Bethany Reid: Sparrow (Big Pencil, 2012)

 

This reading is free and open to the public.

Readings During National Poetry Month

Hello! I get to join two amazing lineups of poets for April readings in the Seattle area. I plan to read some bird and horse poems, some Amanda Bubble poems, some mythological persona poems, and possibly a new prose poem about a goat named Derrick. Please come if you can!

April 6, I’ll be part of a Floating Bridge Press reading at the Fremont Library featuring Dennis Caswell and Michael Schmeltzer. Their manuscripts were among the finalists for last year’s Floating Bridge Press Chapbook Award, and somehow my manuscript, Amanda Bubble Is Nearly on Fire, was also one of them. Dennis Caswell’s 2012 collection Phlogiston was published by Floating Bridge, and Michael Schmeltzer’s poetry manuscripts have had near brushes with winning a number of highly competitive awards. I’ve had the pleasure of reading with Michael twice this past year, and this month, I’ll get to read twice with Dennis!

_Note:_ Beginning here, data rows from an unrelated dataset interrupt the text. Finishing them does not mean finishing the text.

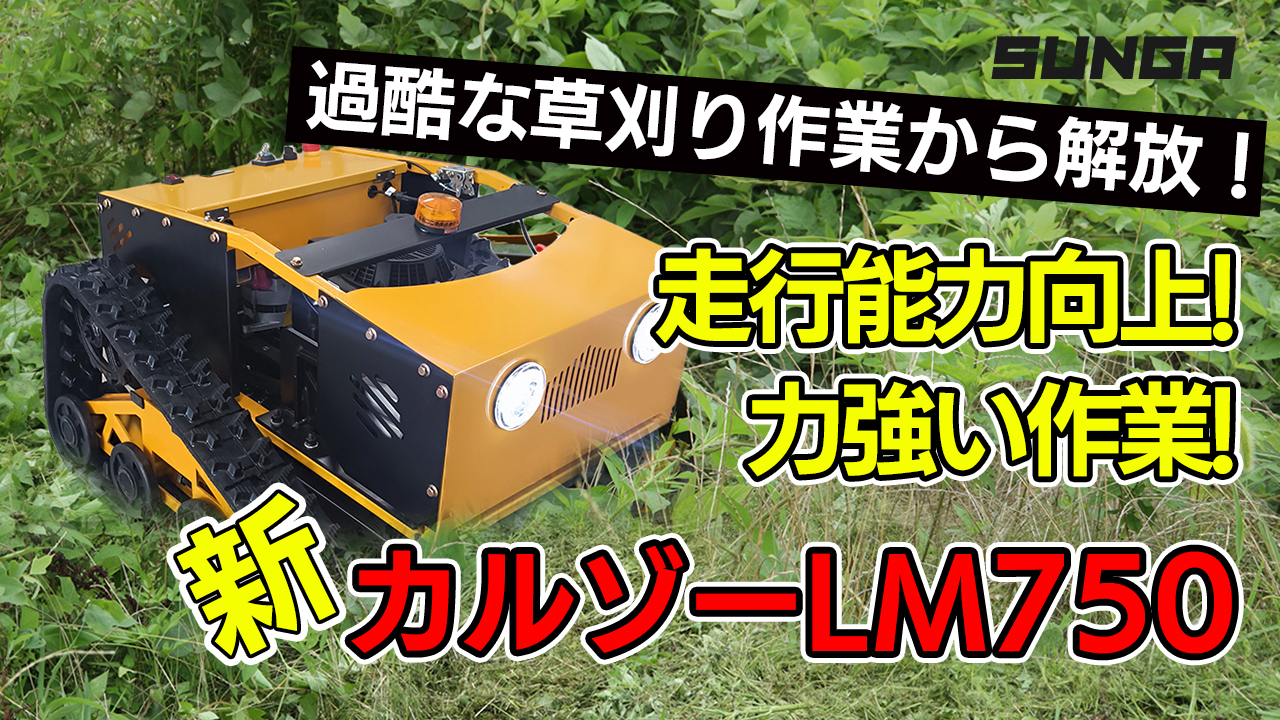 SUNGA ラジコン草刈機 カルゾー LM750 刈幅550mm 9馬力 自走式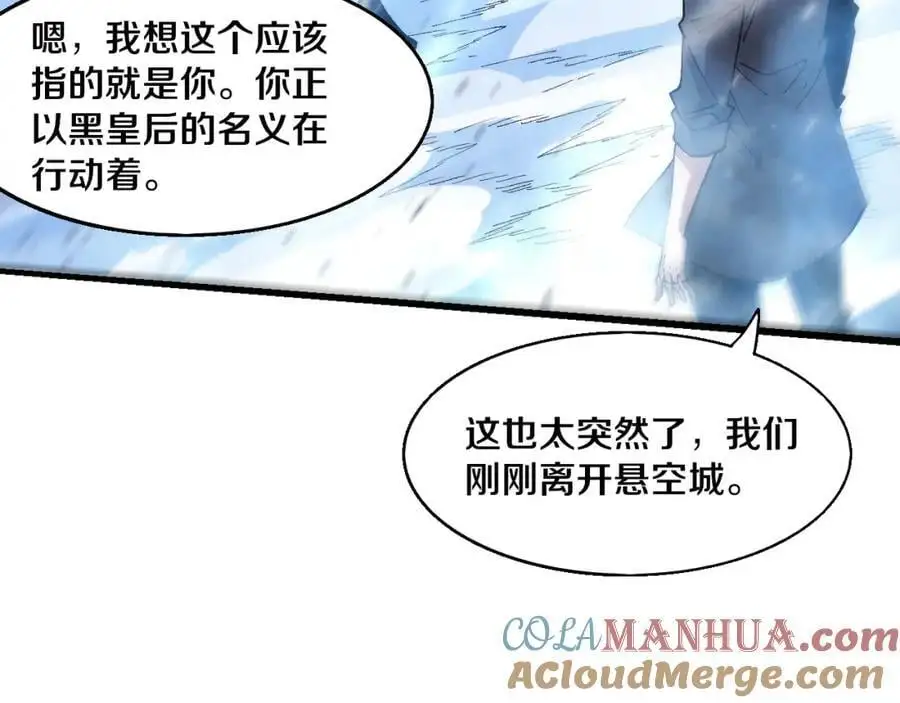 第178话 黑皇后是敌是友？！120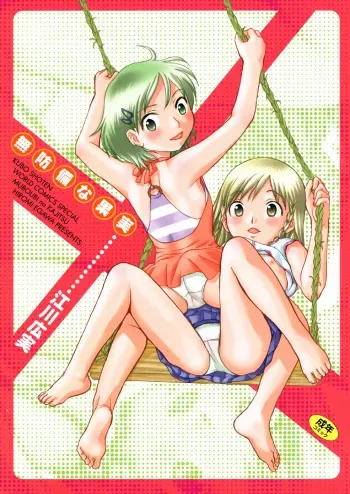 [Egawa Hiromi] Muboubi na Kajitsu manga cover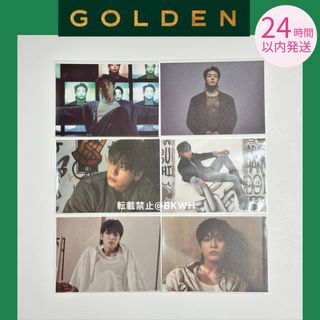 ボウダンショウネンダン(防弾少年団(BTS))のbts グク ジョングク ゴールデン golden ポストカード 6点 新品(K-POP/アジア)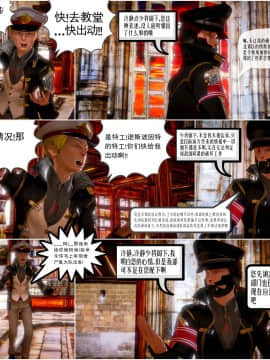 [3D]天鵝湖 第1-2季 01-14+人物设定_1474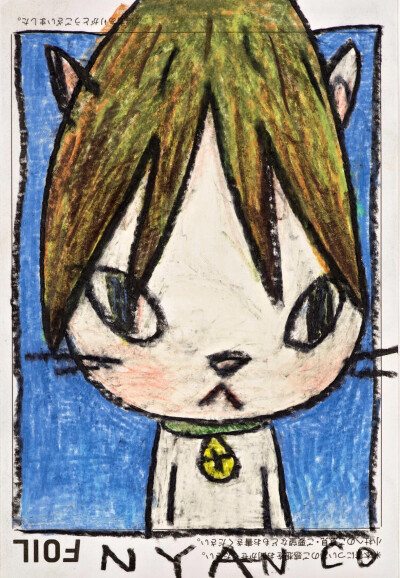 奈良美智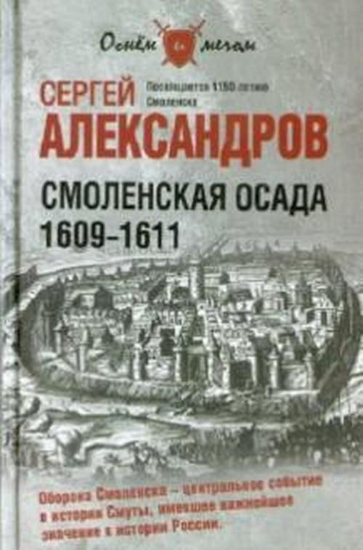 Книга Смоленская осада. 1609-1611. Автор Александров С.В.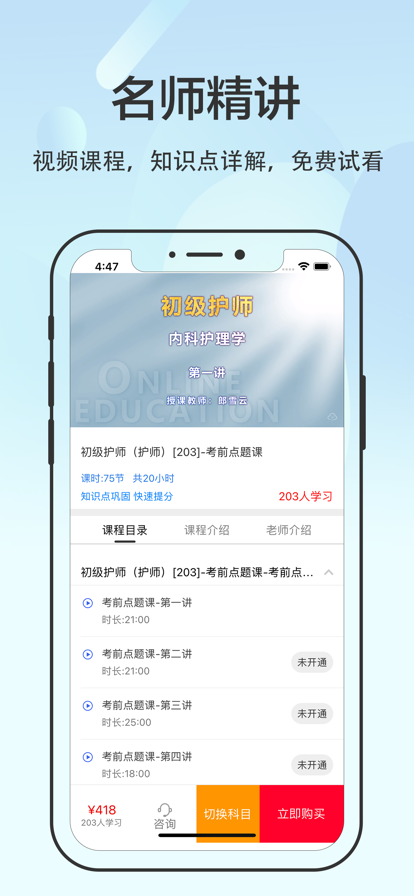 初级护师题库2022安卓版 V1.0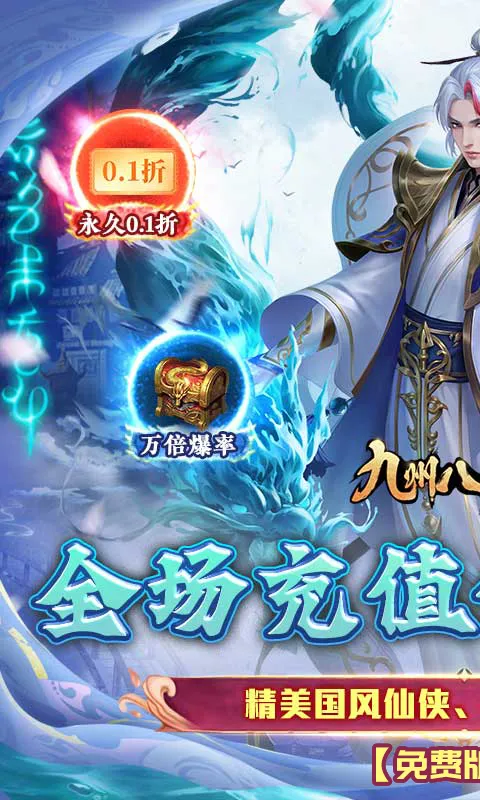 九州八荒录 宣传图 1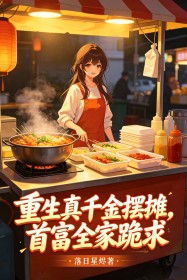 重生真千金擺攤，首富全家跪求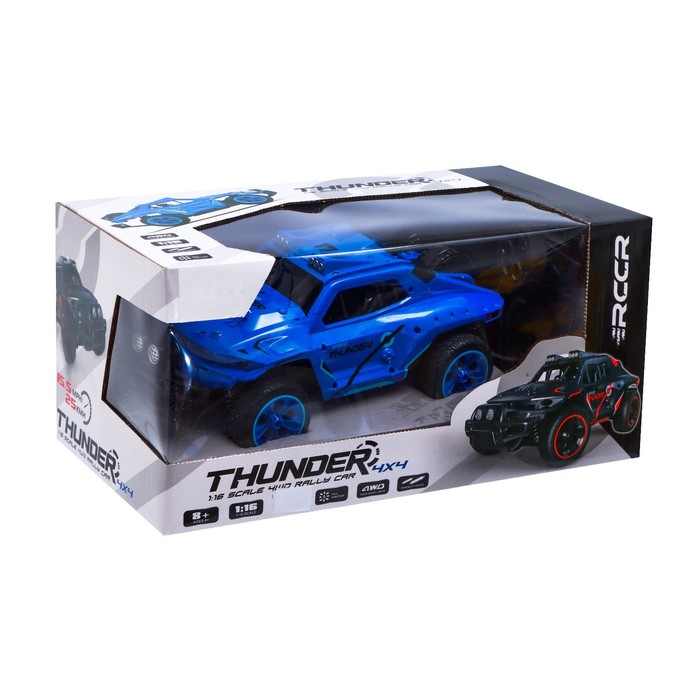 Машина радиоуправляемая «Багги», 1:16, 4WD, 25 км/ч, работает от аккумулятора, цвет синий 55030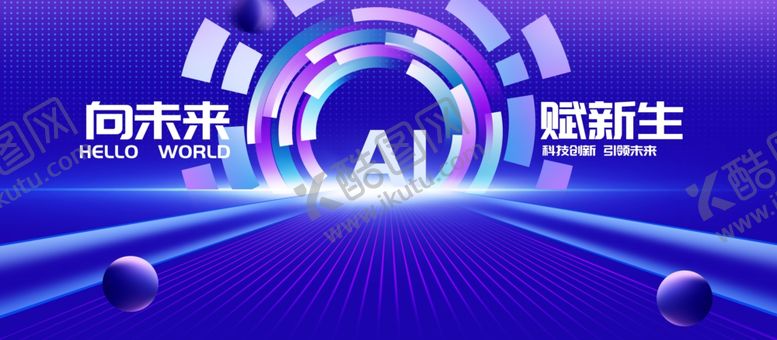 编号：93557406041631492367【酷图网】源文件下载-科技峰会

…because on April 16, when I read at Edmonds Book Shop, the lineup again includes Dennis, along with Bethany Reid (one of my other favorite poets to read with and author of Sparrow, one of my favorite poetry books of 2012), Erika Michael, and David Horowitz, editor at Rose Alley Press and author of the brand-new collection Cathedral and Highrise. So much poetry to enjoy!

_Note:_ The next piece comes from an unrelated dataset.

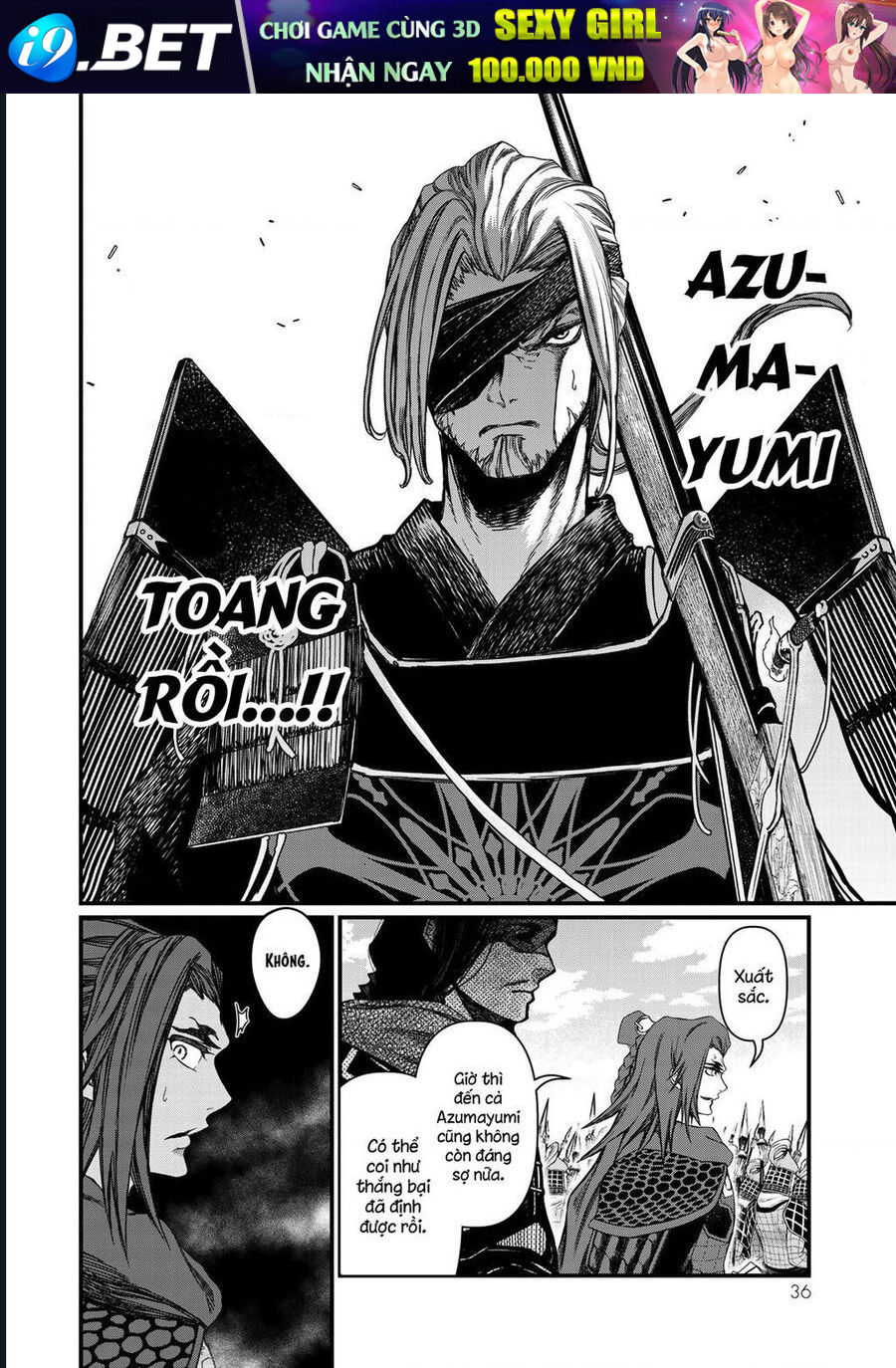 Sao Thất Nữ Nơi Đảo Quốc (Spin-Off Shoukoku No Altair) [Chap 23-34]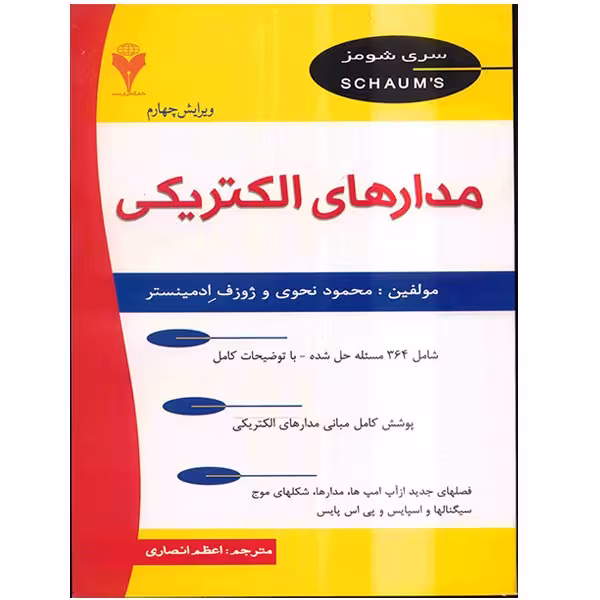 کتاب مدارهای الکتریکی اثر محمود نحوی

Here are the relevant particulars:

Monday, April 6: Floating Bridge Press reading at the Fremont Library, 731 N. 35th St., Seattle, 6:30 p.m. (here are directions and map)

Thursday, April 16: Poetry in Edmonds at Edmonds Book Shop, 111 5th Avenue South, Edmonds, WA, 6:30 p.m. (here are directions and map link)

Please help me to spread the word, and I hope to see you around during Poetry Month!